The fourth one is about an exceptional behavior of autovacuum.

When the SHARE UPDATE EXCLUSIVE lock that autovacuum acquires conflicts with another statement, autovacuum is normally the one that gets canceled, so it doesn't block other statements for long. That's why the common understanding is "it's fine to just leave autovacuum running."

There is one exception, however: the autovacuum running to prevent transaction ID wraparound (the one whose query column in pg_stat_activity ends with (to prevent wraparound)) is not canceled automatically, even when there is a conflict.

Here's what actually happens:

A table's relfrozenxid age exceeds autovacuum_freeze_max_age.
The wraparound-prevention autovacuum starts (holding SHARE UPDATE EXCLUSIVE).
Another process issues an ALTER TABLE to create a partition.
The ALTER TABLE waits for autovacuum ← it would normally be canceled, but it isn't.
Every SELECT lines up in the queue ← the chained blocking described in #1 occurs.

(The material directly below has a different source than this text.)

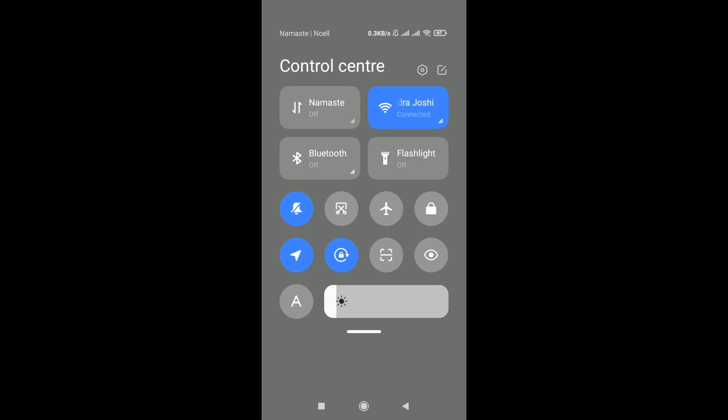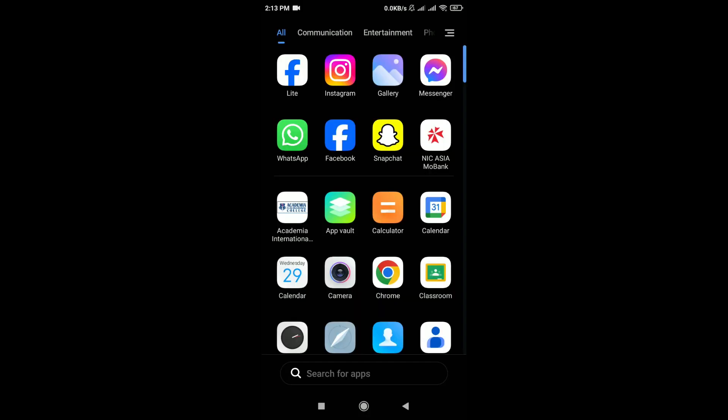WhatsApp requires an active internet connection to send and receive verification codes. Resend the verification code if you haven't received it. Tap on the option to resend it within the WhatsApp verification screen. Wait for a minute as it might take some time for the code to arrive.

When this combines with the first behavior, it can turn fatal in a hurry — that's the key point.

Mitigations

If you see autovacuum: VACUUM ... (to prevent wraparound) in pg_stat_activity, recognize that an autovacuum that won't be canceled is running, and wait for it to complete.
Prevention matters more than reacting after the fact. Periodically monitor age(relfrozenxid) in pg_class to know which tables are approaching autovacuum_freeze_max_age (200 million transactions by default).

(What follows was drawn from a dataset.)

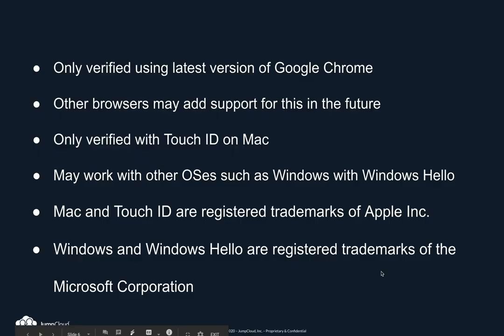Only verified using the latest version of Google Chrome. Other browsers may add support for this in the future. Only verified with Touch ID on Mac, may work with other OSes such as Windows with Windows Hello. Mac and Touch ID are registered trademarks of Apple Inc. Windows and Windows Hello are registered trademarks of the Microsoft Corporation.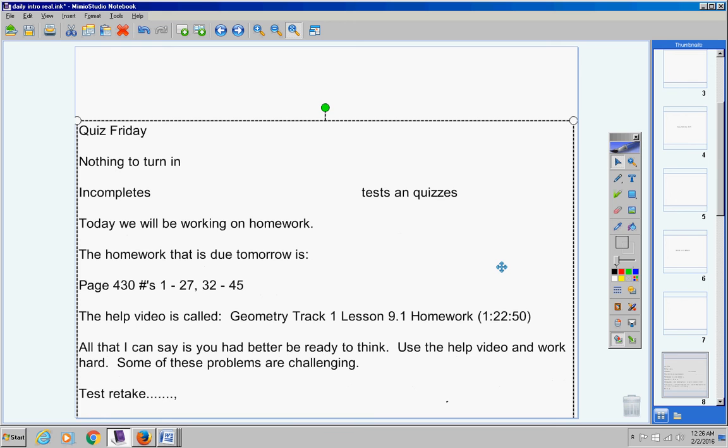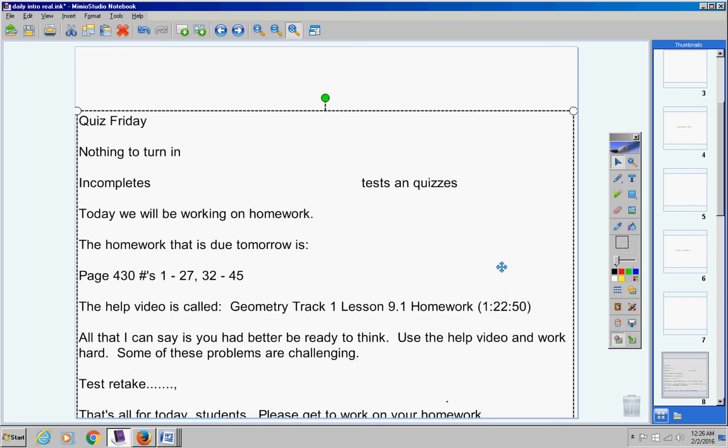Test retake. One of you has contacted me about a test retake. You may take it any time during this week, but after the week is over, you may not. So that student knows who they are. Please make sure you take care of that before the week is over.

  SELECT relname, age(relfrozenxid)
  FROM pg_class
  WHERE relkind = 'r'
  ORDER BY age(relfrozenxid) DESC;

If you have DDL such as ALTER TABLE planned, check the target table's age(relfrozenxid) beforehand, and if it's close to the threshold, run a manual VACUUM FREEZE before the DDL.

5. VACUUM's hidden `ACCESS EXCLUSIVE` phase

The last one is also about an exceptional behavior of VACUUM.

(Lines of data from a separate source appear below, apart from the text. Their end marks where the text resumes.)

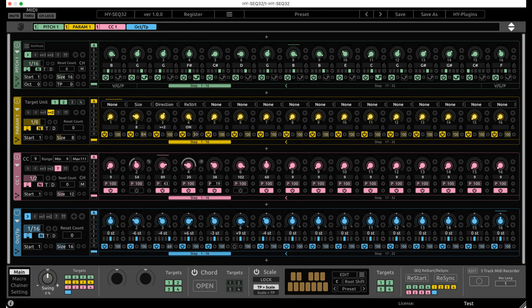HY Plugins has released HYSEQ 32, a 32-step sequencer inspired by analog sequencers, available as a plugin for Windows and Mac OS.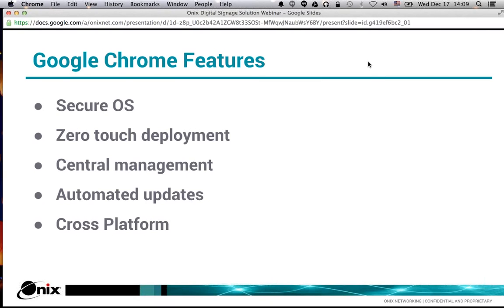What you find is you get locked into proprietary solutions that make it easier to manage devices — there are very powerful offerings, but again they're proprietary and very costly. On the flip side, there are Raspberry Pi devices for 35-40 dollars that can hook up to any type of display, which is cost effective, but the management is very difficult — there's no great central management or content management platform. You're stuck between expensive and proprietary, or cheap and limited functionality. We chose Chrome devices to fill that gap right in the middle.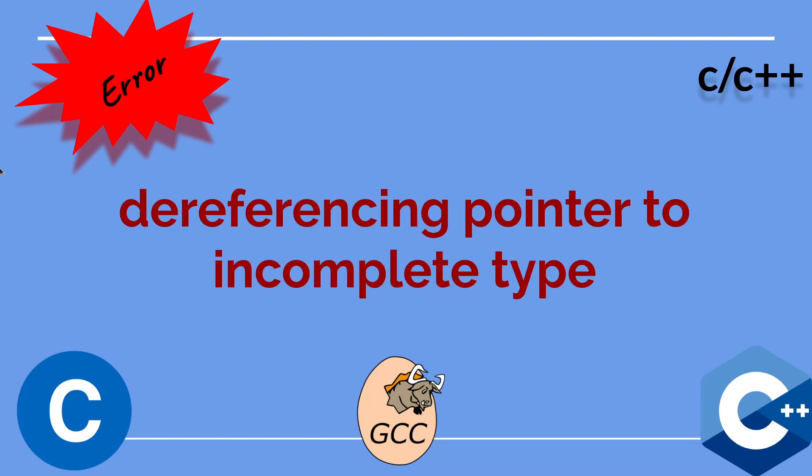In this video, I will talk about the C compilation error called dereferencing pointer to incomplete type.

Normally VACUUM operates with SHARE UPDATE EXCLUSIVE, but the final truncate phase — truncating empty pages at the end of the table and returning the disk space to the OS — is the one exception: it acquires an ACCESS EXCLUSIVE lock.

As in the earlier examples, if a long-running SELECT is executing while VACUUM waits to acquire that ACCESS EXCLUSIVE lock, subsequent queries all get blocked in the same chained-blocking pattern described in #1.

And on a streaming replication standby, the situation is different. When ACCESS EXCLUSIVE is acquired and released on the primary, that operation reaches the standby as WAL. The standby's WAL replay process tries to apply that operation, but a long-running SELECT executing on the standby conflicts with it, so WAL replay stalls. While WAL replay is stalled, the apply lag for already-received WAL keeps growing, and once that lag exceeds max_standby_streaming_delay, the conflicting SELECT is forcibly canceled and replay resumes.

On the primary, a SELECT is allowed to wait until it finishes naturally; on a standby, the SELECT is forcibly canceled by an external factor (WAL replay). That's the big difference.

Mitigations

On PostgreSQL 12 and later, you can disable VACUUM's truncate phase per table with vacuum_truncate = false.
PostgreSQL 18 and later also adds a server-wide vacuum_truncate parameter.
If you run long-running queries on a standby, set max_standby_streaming_delay (30 seconds by default) higher to extend how long WAL replay is allowed to wait (-1 for unlimited).

Conclusion

Every one of these cases is behavior that emerges because PostgreSQL's lock design faithfully implements the mechanisms needed to keep things correct. Natural as a specification, but a pitfall from an operational point of view.

In particular, the chained blocking in #1 can rapidly escalate into a fatal incident when combined with the other cases, so setting lock_timeout and continuously monitoring pg_stat_activity are the minimum defensive lines you'll want in place.